The pipeline inputs include:

  • A configuration file
  • A manifest file
  • A list of intervals
  • A sex linker file
  • A MultiQC config file (provided)

Step 3: Install the run-time environment

If needed, install miniconda by following the steps here.

  • Create a conda environment with, minimally, the dependencies defined in environment.yaml.
# create the env
conda env create -f environment.yaml

Step 4: Execute workflow

Activate the conda environment:

conda activate 54gene-wgs-germline

Test your configuration by performing a dry-run via

snakemake --use-conda -n

Execute the workflow locally via

snakemake --use-conda --cores $N

To run the pipeline in a cluster environment, edit wrapper.sh as needed for your system, and then run via

bash run.sh

Alternatively, you may run snakemake pipelines on a cluster via something like this

snakemake --use-conda --cluster sbatch --jobs 100

Step 5: Investigate results

Upon pipeline completion, verify that all steps have completed without error by checking the top-level Snakemake log. The bottom few lines of should contain something like nnn of nnn steps (100%) done. Additional job logs (when run on a cluster) are stored in the logs/ directory.

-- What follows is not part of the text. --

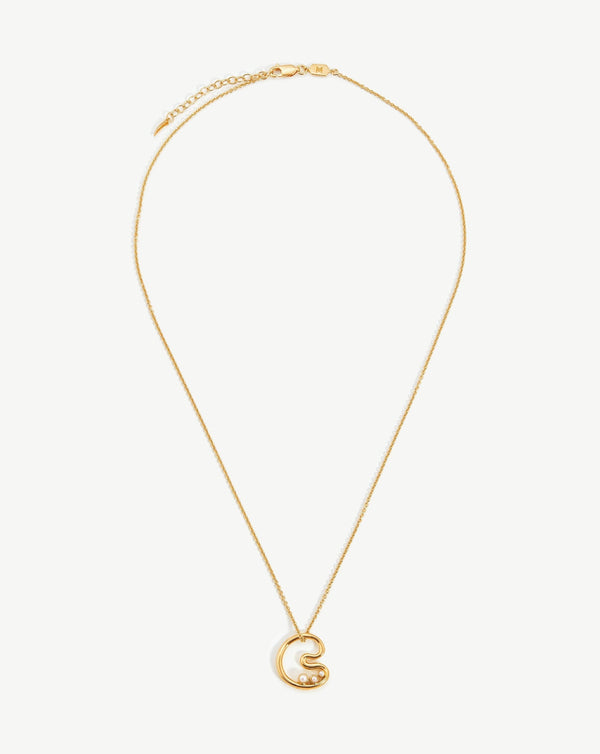 Missoma Chubby Pearl Initial Pendant Necklace - C | 18ct Gold Vermeil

All pipeline results are stored in the results/ directory.

The hard-filtered, joint-called VCF can be found in results/HaplotypeCaller/filtered/HC_variants.hardfiltered.vcf.gz.

For future joint-calling, the gVCFs are located at results/HaplotypeCaller/called/<sample>_all_chroms.g.vcf.gz.

Deduplicated and post-BQSR bams are found at results/bqsr/<sample>.bam.